> TASK PROMPT: What is needed is an exact reproduction of the lines from the one that contains "夾縫置物架 零食架 廚房置物架" through the end of the data, both included and nothing else, with pictures omitted.
──────── DATA PROVIDED ────────
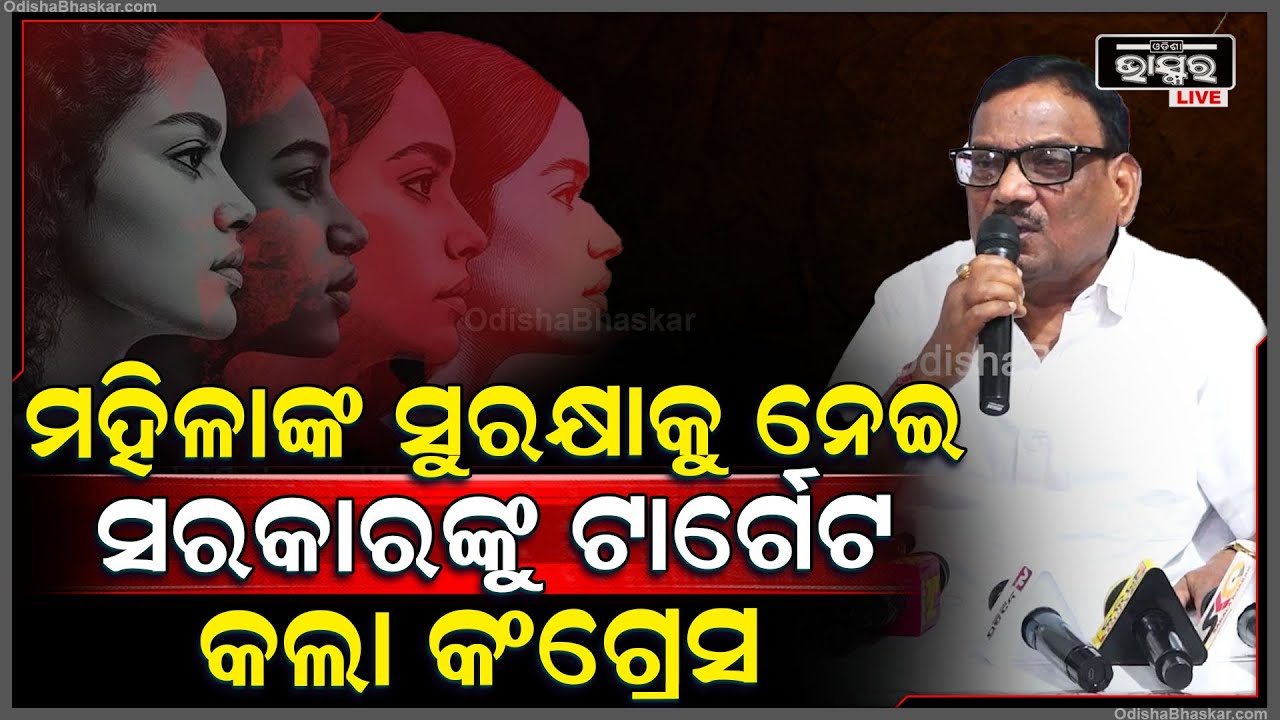 ମହିଳାଙ୍କ ସୁରକ୍ଷାକୁ ନେଇ ସରକାରଙ୍କୁ ଟାର୍ଗେଟ କଲା କଂଗ୍ରେସ, କହିଲେ ଏମିତି କିଛି Odisha Congress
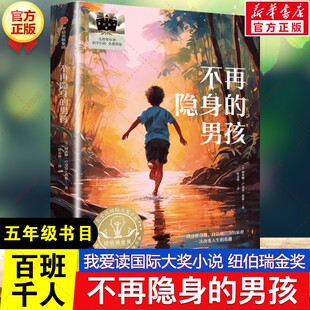 新华文轩】不再隐身的男孩 百班千人五年级阅读书目我爱读国际大奖小说儿童文学必小学生五年级课外书阅读暑假书目中信出版社正版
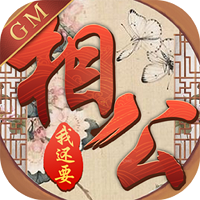 相公我还要游戏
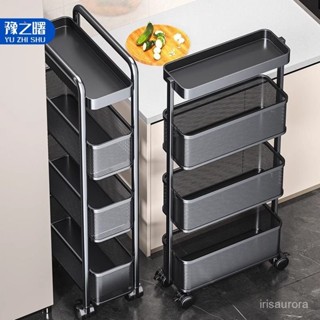 ⚡臺灣出貨⚡廚房旋轉置物架落地冰箱極窄超窄夾縫隙櫃小推車衛生間移動收納架 夾縫置物架 零食架 廚房置物架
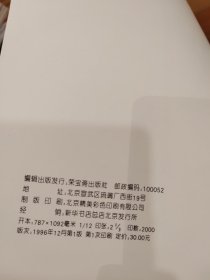 姚思敏作品选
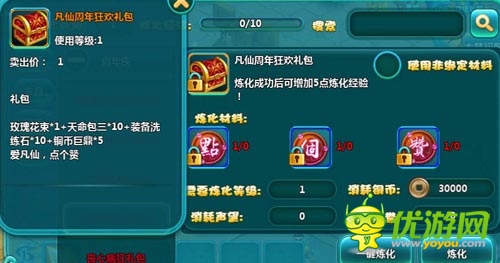 咿呀咿呀喲 《凡仙》周年慶集字活動重磅來襲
────────
> FINAL ANSWER:
 ⚡臺灣出貨⚡廚房旋轉置物架落地冰箱極窄超窄夾縫隙櫃小推車衛生間移動收納架 夾縫置物架 零食架 廚房置物架
 姚思敏作品选
 咿呀咿呀喲 《凡仙》周年慶集字活動重磅來襲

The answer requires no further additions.